Current and Future Adoption Across Industries
Fusemachines’ educational platform has an AI tutor that acts as a teacher’s assistant. As students learn AI, they teach the concepts back to the AI tutor, and the human student answers the AI tutor’s questions to demonstrate knowledge.
“It doesn’t replace the human teacher, but it would lead toward a point where AI can provide significant help to students to learn new topics,” Maskey says.
These kinds of examples—of AI enhancing rather than replacing human abilities—exist across many industries; for instance:
– Airlines are integrating NLP and other AI technologies into aircrafts’ predictive maintenance process. This shifts the focus of the technical maintenance team to validating data rather than aggregating and analyzing it.
– Mortality due to sepsis—a deadly infection that kills 270,000 Americans every year— increases up to 8 percent for every hour of delayed diagnostics. Healthcare researchers have found that NLP can improve early prediction of septic shock.
– Retailers are using NLP and text-mining to analyze customer sentiment in order to improve brand loyalty and optimize marketing and sales.

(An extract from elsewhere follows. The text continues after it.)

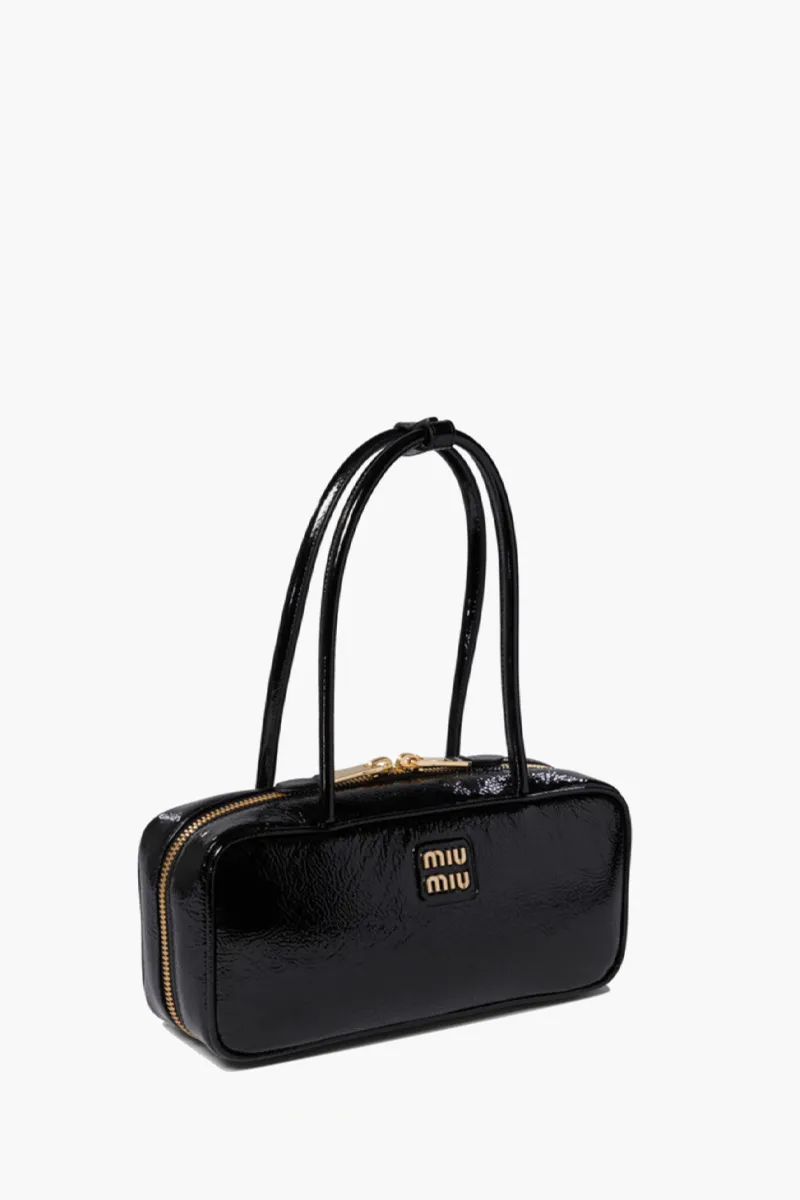 MIU MIU Beau Top Handle Bag in Black Naplak Patent Leather GHW 1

One particular concept Maskey is excited about is “analyst in a box,” which he believes could become a productive tool in the next five years. Businesses from many sectors use human analysts to conduct research and answer questions of interest to executives, but the research is time-intensive. NLP could be applied to scan through data, synthesize reports, and generate findings much faster, reducing the research time from weeks to hours.
“The concept of an analyst in a box could be quite useful and transformative for businesses,” Maskey says.
Miramant of Blue Orange is optimistic about a day when NLP helps remove linguistic barriers in society, and accurate and seamless translation makes the transfer of human knowledge more efficient and ubiquitous.
“We’re about to solve the communication problem with technology in the next few years,” he says. “Sharing of knowledge, [identifying] misunderstandings that are lost, [extracting] understanding from complex and large data sources in multiple languages—that’s what we are on the edge of.”